Pictures stay out of this copy; please retype only the lines from the start of the records through the line with "Rayon Crochet Crossbody Bag".

Image-caption web data
::::::::::
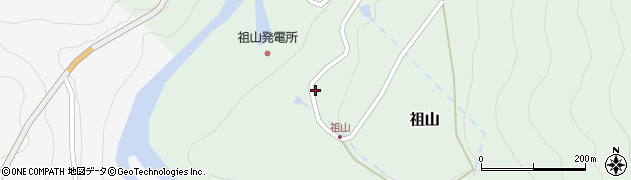 関西電力株式会社　祖山発電所堰堤見張所周辺の地図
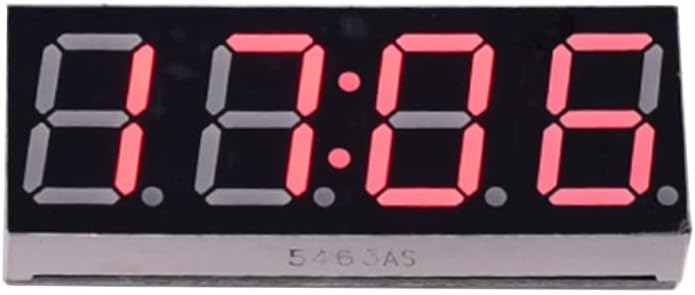 DONGKERDigital Tube Clock Module,DC 5V LED Segment Module with 8-level Brightness Adjustment for DIY Clock Show Time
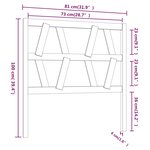 vidaXL Tête de lit 81x4x100 cm Bois massif de pin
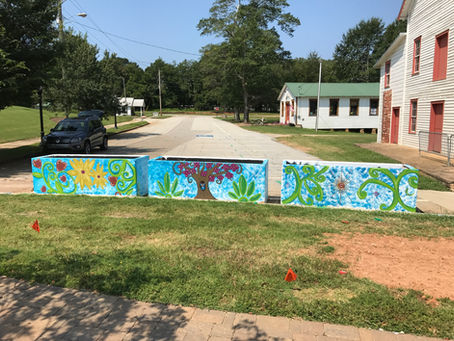 Features and Affiliations for Artist, Trena Myers...featured on Braselton Facebook for her finished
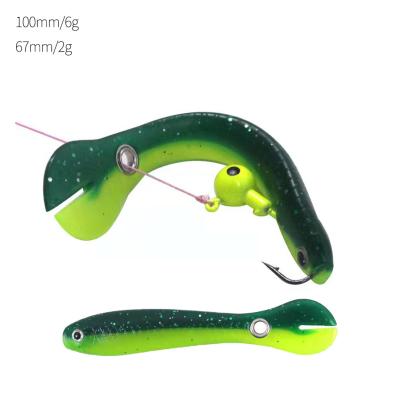 China Hot PVC Price Loach Lure, 67mm 100mm Pasca Soft Plastic Lure PVC Bait Peche Builds Lure for sale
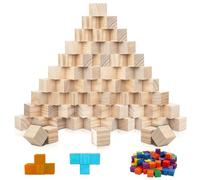 ZHMKYD13 Cube Bois, 500 Pièces 1 * 1 * 1cm Mini Cube En Bois, Cube Bois Bricolage Bloc Carré De Pin Brut Cube Bois Tilleul Cube De Bois Lisse Pour Loisirs Créatifs, Tampons, Puzzle, Jouet, Nombre
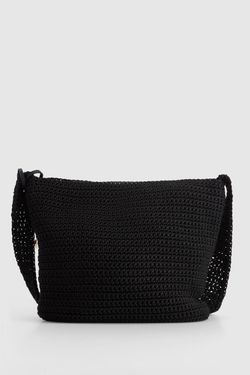 Rayon Crochet Crossbody Bag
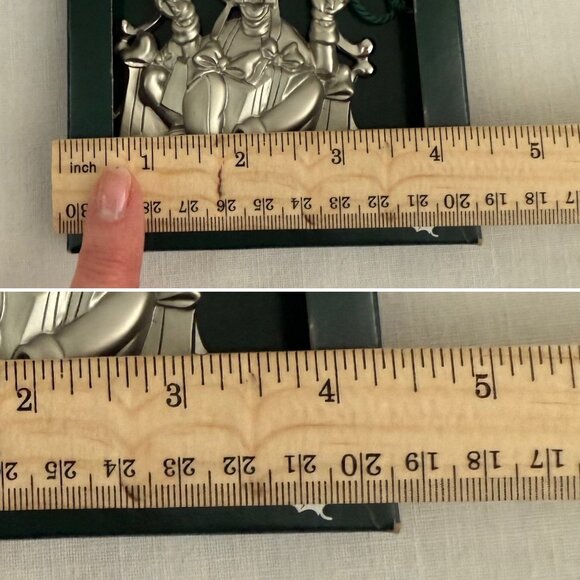 Disney Christmas Goofy Silvertone Ornament Original Box Made In USA Vintage 1989 - Picture 13 of 14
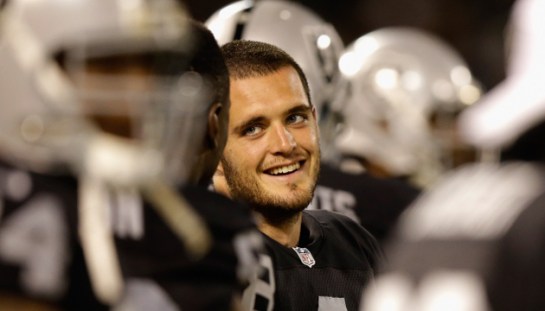 at O.co Coliseum on August 28, 2014 in Oakland, California.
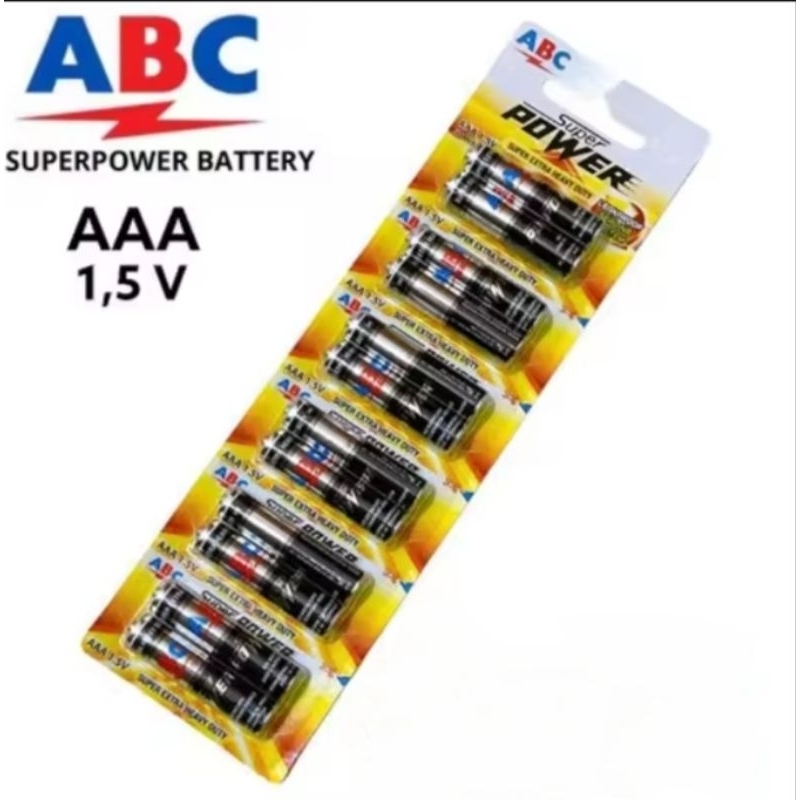 Baterai ABC AAA 1,5V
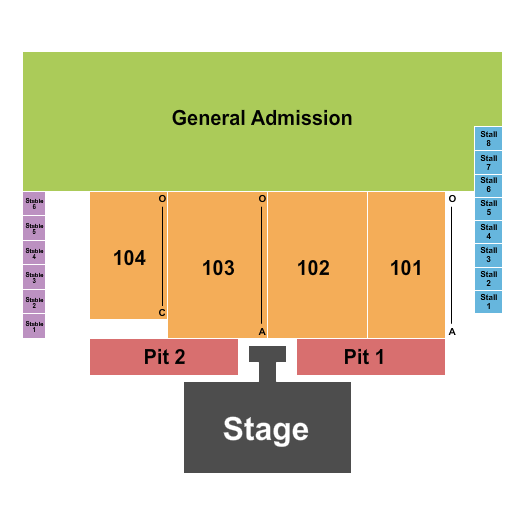 Horseshoe Amphitheatre Next Event Seating Chart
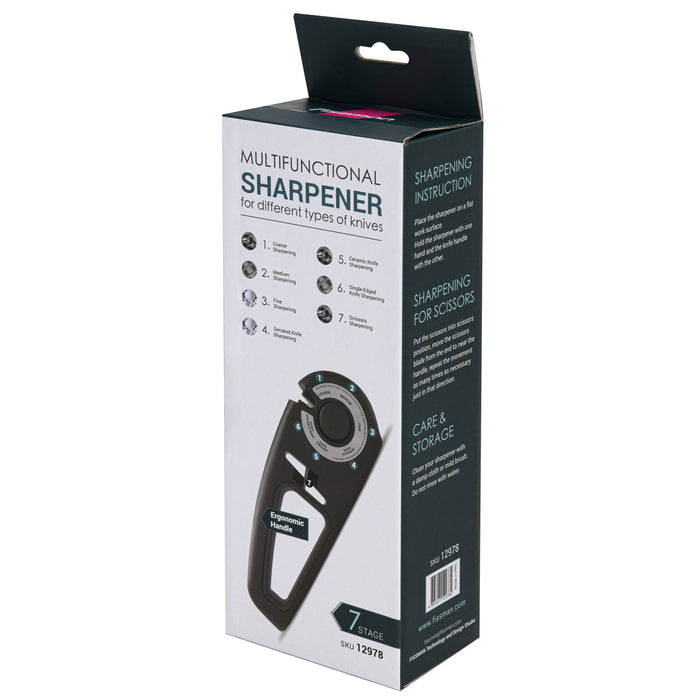 7-Stage Knife Sharpener w/Scissors Sharpening Slot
::::::::::
* _Exercise output_
 関西電力株式会社　祖山発電所堰堤見張所周辺の地図
 DONGKERDigital Tube Clock Module,DC 5V LED Segment Module with 8-level Brightness Adjustment for DIY Clock Show Time
 vidaXL Tête de lit 81x4x100 cm Bois massif de pin
 Features and Affiliations for Artist, Trena Myers...featured on Braselton Facebook for her finished
 China Hot PVC Price Loach Lure, 67mm 100mm Pasca Soft Plastic Lure PVC Bait Peche Builds Lure for sale
 ZHMKYD13 Cube Bois, 500 Pièces 1 * 1 * 1cm Mini Cube En Bois, Cube Bois Bricolage Bloc Carré De Pin Brut Cube Bois Tilleul Cube De Bois Lisse Pour Loisirs Créatifs, Tampons, Puzzle, Jouet, Nombre
 Rayon Crochet Crossbody Bag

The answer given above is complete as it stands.